Try it: In this exercise, return the whole listing exactly, excluding any images.

Stored data:
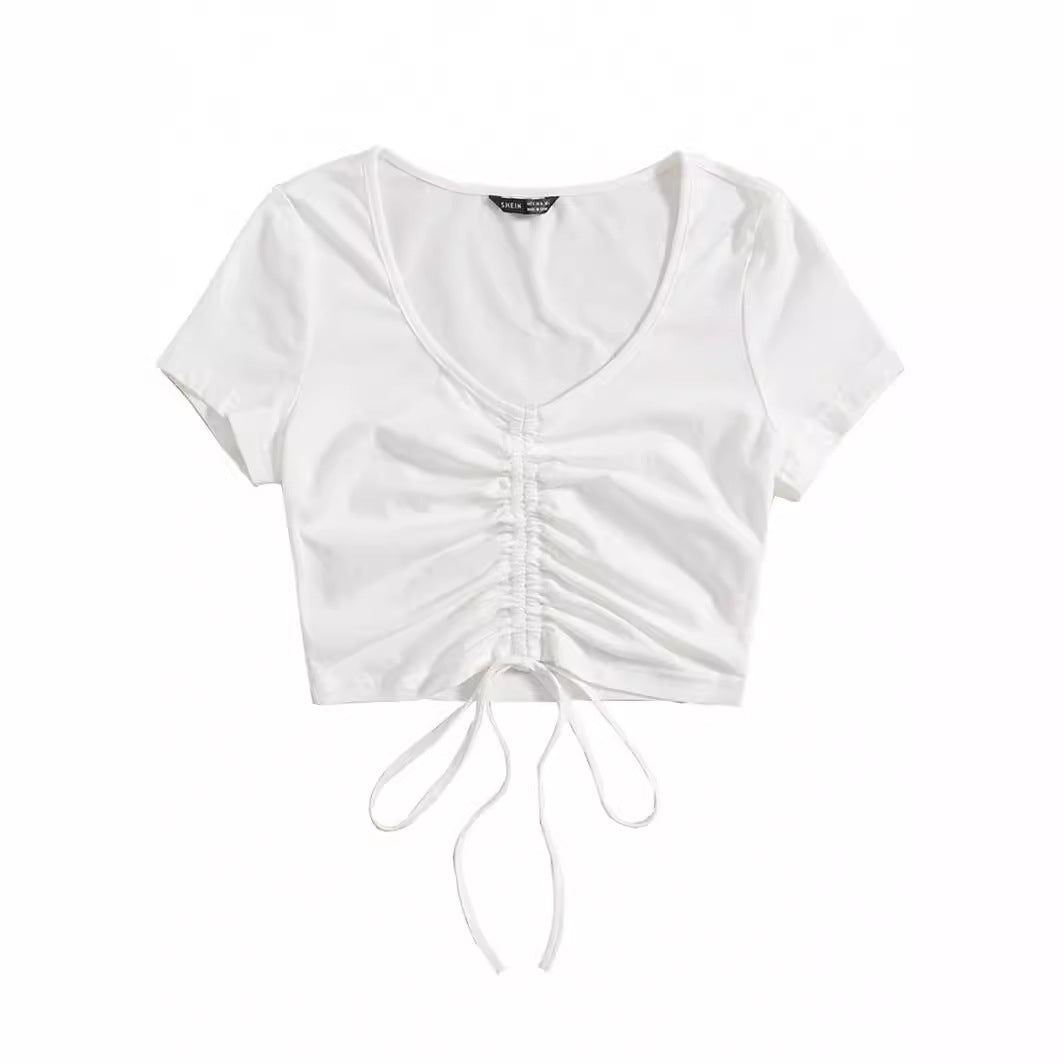 Dame Cropped Top med raffinerede flæse-detaljer og snøre Skovae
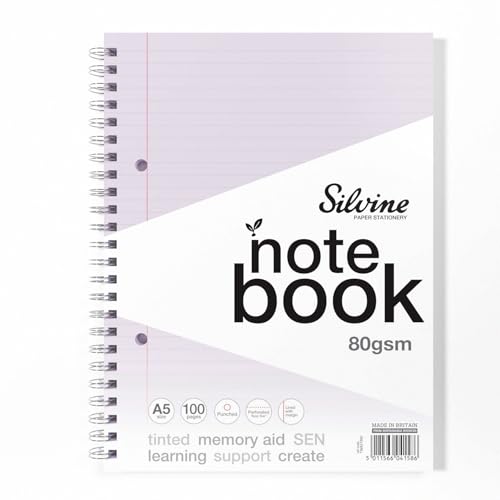 Image of Silvine A5 Lilac Paper Dyslexia Notebook | 100 Wirebound Pages, 80gsm Tinted Paper for SEN Supportive Learning & Memory Aid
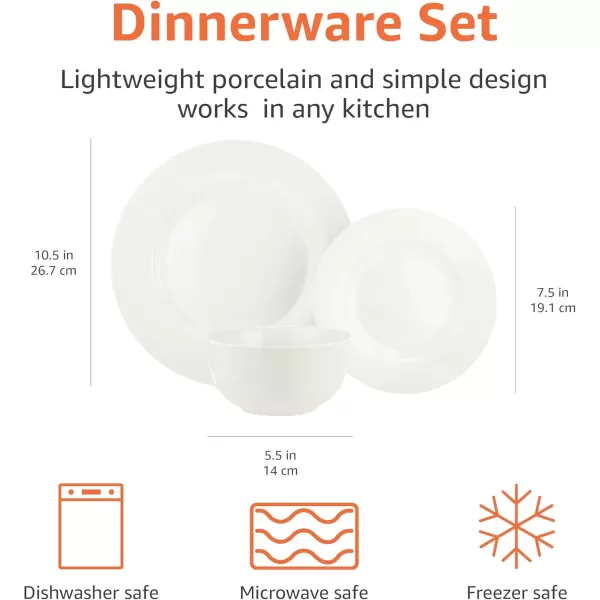 imageAmazon Basics 18Piece White Dinnerware Set Plates Bowls Service for 6White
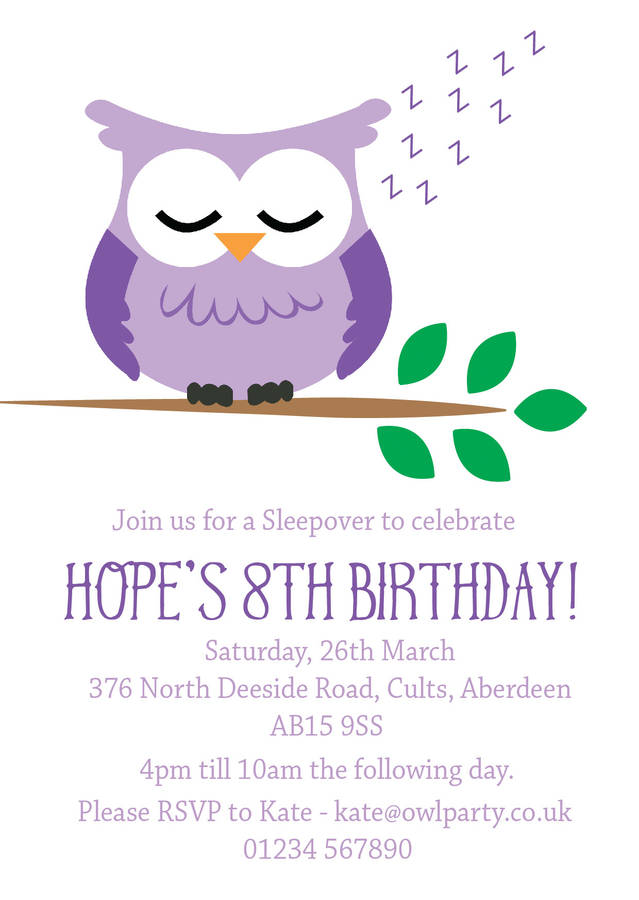 sleepover birthday invitations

Response to the exercise:
 Dame Cropped Top med raffinerede flæse-detaljer og snøre Skovae
 Image of Silvine A5 Lilac Paper Dyslexia Notebook | 100 Wirebound Pages, 80gsm Tinted Paper for SEN Supportive Learning & Memory Aid
 imageAmazon Basics 18Piece White Dinnerware Set Plates Bowls Service for 6White
 sleepover birthday invitations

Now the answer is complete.